The surprising thing was that this approach *increased* the speed of the Map
implementation by something like 7%.  I don't know what happened to the
original proposal, but I was going to try something similar, with something
like

data HashMap k v = HM !Int !(Tree k v)

insert k v (HM sz tree) = case search k tree of
    (Nothing, loc) -> HM (sz + 1) (assign v loc)
    (Just _, loc) -> HM sz (assign v loc)

Louis Wasserman
wasserman.louis@gmail.com
http://profiles.google.com/wasserman.louis

On Tue, Feb 22, 2011 at 8:45 PM, Johan Tibell wrote:
...
On Tue, Feb 22, 2011 at 6:28 PM, Louis Wasserman
 wrote:
...
Apologies!
Accepted. :)
...
I was, in point of fact, working on such a patch, but I think I've been
convinced that it's a legitimate position for a package to take.  (I'm
also
curious, Johann, about the approach you figured out that didn't cost a
word
per node!)
I'm working on a patch that provides O(1) size right now.

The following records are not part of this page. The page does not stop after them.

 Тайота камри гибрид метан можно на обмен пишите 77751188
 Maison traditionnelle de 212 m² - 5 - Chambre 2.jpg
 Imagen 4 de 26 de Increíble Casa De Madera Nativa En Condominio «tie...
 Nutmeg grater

The trick is
to define HashMap as:
data HashMap k v = HM {-# UNPACK #-} !Int !(Tree k v)
data Tree k v
   = Nil
   | Tip {-# UNPACK #-} !Hash
         {-# UNPACK #-} !(FL.FullList k v)
   | Bin {-# UNPACK #-} !Prefix
         {-# UNPACK #-} !Mask
         !(Tree k v)
         !(Tree k v)
And have insert, delete, and other operations that change the size
return both the updated tree and the size delta (-1, 0, or 1 in the
case of insert/delete). The size delta is then applied to the stored
size.
At the moment I'm trying to figure out the performance impact of
making this change.
Johan